Wednesday, 8 August 2018

Dinilai Bermasalah, Pemkab Situbondo Pecat Direktur BPR Syari'ah

Situbondo, MAJALAH GEMPUR.Com. Dinilai menyalahgunakan kewenangannya dalam mengelola keuangan, Direkrut Bank Perkreditan Rakyat (BPR) Syari’ah Situbondo Basrawi Yudi Nugroho dipecat.

Pemecatan dilakukan setelah sebelumnya djberhentian sementara selama 30 hari, lantaran telah memberikan pinjaman Rp 1 miliar lebih kepada Debitur di luar daerah yakni  Jawa Tengah. Tak tanggung-tanggung, uang yang dipinjamkan sekitar 2 Miliar rupiah.

Berdasarkan temuan tim analis, tiga orang nasabah itu ternyata masih kolega Diretur BPR Syari’ah. “Pmberhentian Direktur BPR Syari’ah dilakukan 30 Juli lalu”.  Demikian disampaikan  oleh sekretaris daerah (Sekda)  Pemerintah Kabupaten  (Pemkab) Syaigullah, Rabu (8/8/2018).

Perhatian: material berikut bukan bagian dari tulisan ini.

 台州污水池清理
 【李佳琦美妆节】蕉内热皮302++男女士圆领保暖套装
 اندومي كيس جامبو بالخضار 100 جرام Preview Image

Pemberhentian itu, lanjutnya, berdasarkan hasil RPS atau Rapat Umum Pemegang Saham. “Para pemegang saham sudah tidak percaya lagi, sedangkan untuk kelanjutan kepemimpinan Bank milik Pemkab Situbondo tersebut, akan dilakukan rekrutmen Direktur baru melalui seleksi terbuka”, jelasnya.

Para calon Direktur itu diuji tim independen kemudian akan diajukan ke Otoritas Jasa Keuangan (OJK). "BPR Syari’ah Situbondo merupakan Badan Usaha Milik Daerah. Pendirian BPR Syari’ah tersebut untuk melepaskan ketergantungan masyarakat yang terjerat hutang rentenir," lanjutnya.

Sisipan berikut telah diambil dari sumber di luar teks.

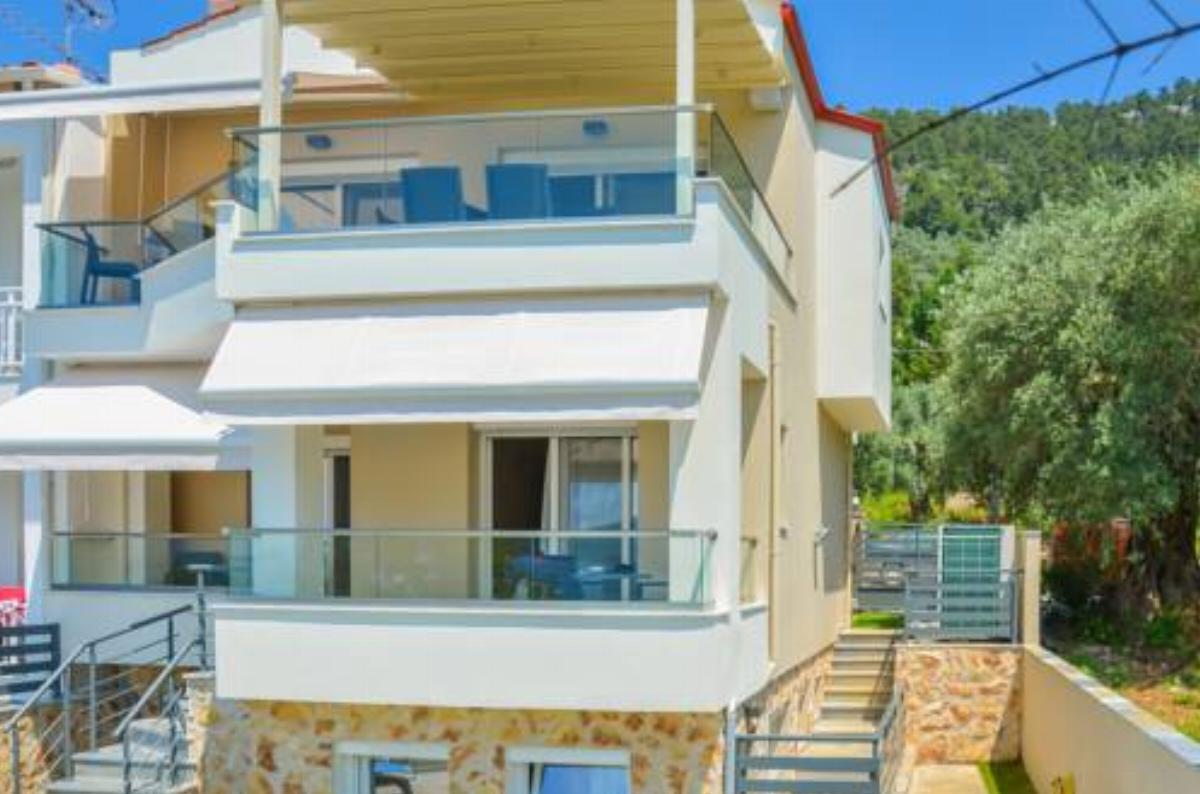 Luxury Villa Efi Thasos Hotel Chrysi Ammoudia Greece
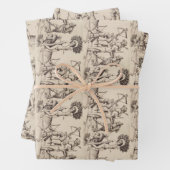 Sint Sebastiaan Kapitein van de Praetoriaan Inpakpapier Vel (In situ)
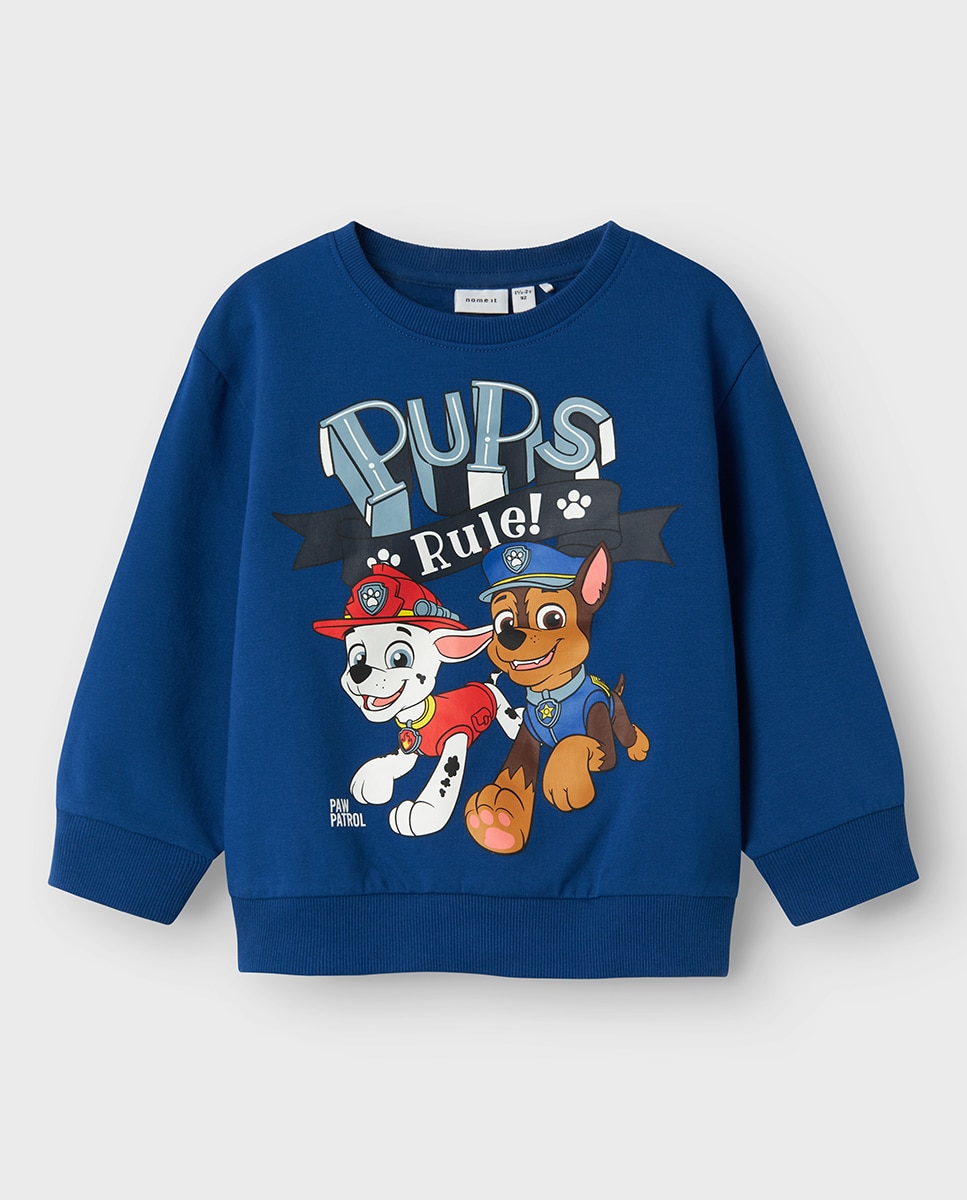 Sudadera de la Patrulla Canina - name it - Azul índigo Azul índigo-2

BPR Syari’ah melayani pedagang kecil di beberapa pasar yang sudah menjalin kerjasama, pedagang dapat meminjam hanya menggunakan jaminan los pasar, karena Bank ini didirikan untuk menumbuhkan UMK.  Kedepan, BPR Syari’ah harus fokus membantu untuk mengembangkan UMK agar tumbuh dan bisa bersaing. (edo).